Years ago Hobbes asked what was the use of talking high morality in a state of nature. That was a cynical way of putting it, but it contains the truth that the building up of a moral world is an enterprise that has to begin from the bottom, on secure foundations, and bit by bit.
Communitarianism
That striking paper the Catholic Worker of New York advocates " Communitarianism" as the truly Catholic social movement.

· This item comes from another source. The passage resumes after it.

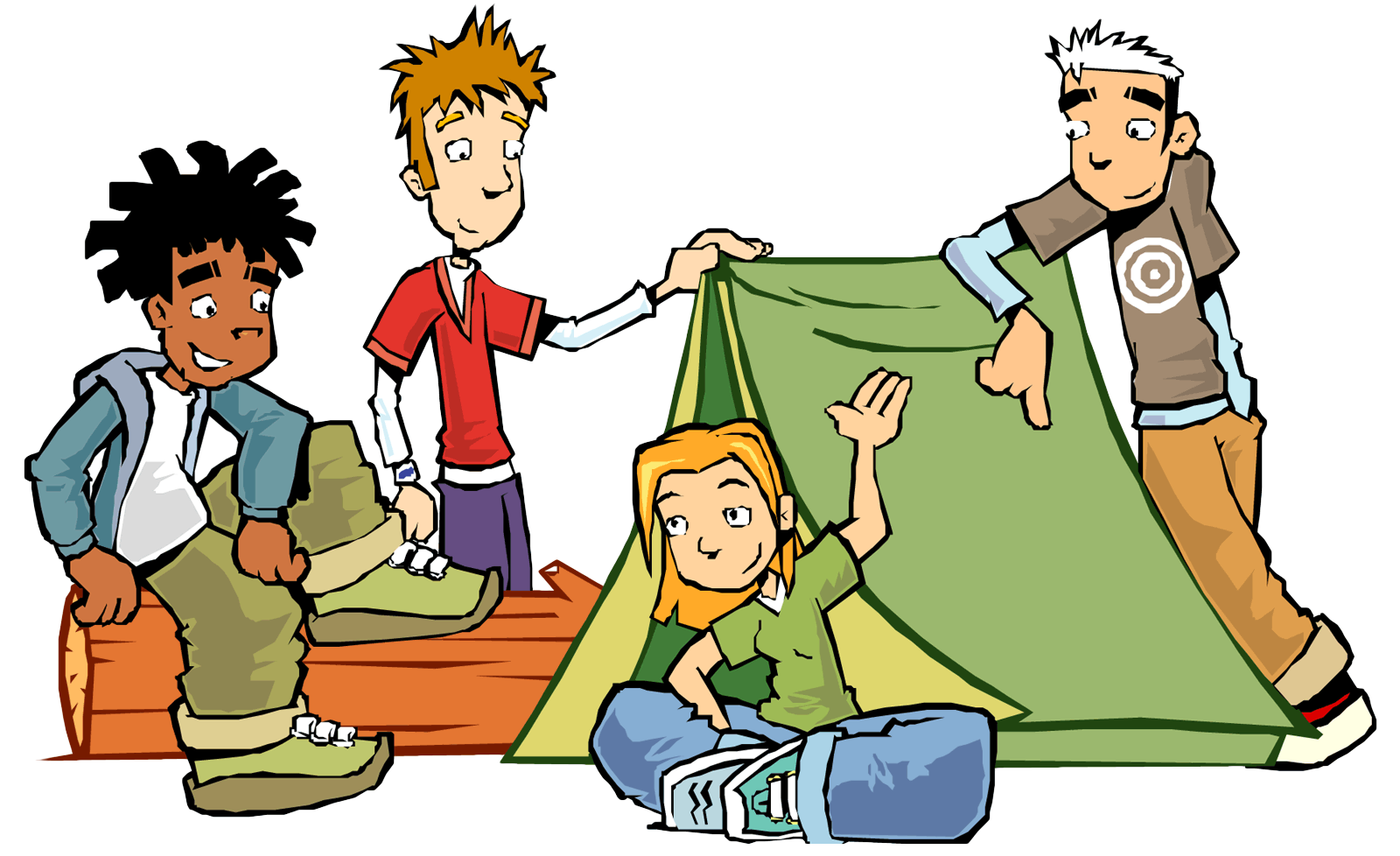 Friends Hanging Out Clipart (1600x978), Png Download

The name, which comes from the writings of Emmanuel Mounier, editor of the Catholic review Esprit, serves to distinguish it from atheistic communism or State socialism on the one hand and materialistic capitalism on the other.
Communitarianism is described as follows: " The Communitarian Movement aims to create a new society within the shell of the old with the philosophy of the new, which is not a new philosophy but a very old philosophy, a philosophy so old that it looks like new."
It stands, in fact, for the Catholic personal and social revolution against the prevailing this-world social and economic systems, in accordance with the spirit of the Encyclicals.
In the same number of the paper Peter Maurin gives some useful prose-verses defining various attitudes of mind in the world of to-day :
A Bourgeois is a fellow who tries to be somebody by trying to be like everybody which makes him nobody.
A Dictator is a fellow who does not hesitate to strike you over the head when you refuse to do what he wants you to do.
A Leader is a fellow
who refuses to be crazy the way everybody else is crazy and chooses to be crazy in his own crazy way.
A Bolshevist is a fellow who tries to get what the other fellow has and to regulate what you should have.
A Communitarian is a fellow who refuses to be what the other fellow is and chooses to be what he wants him to be.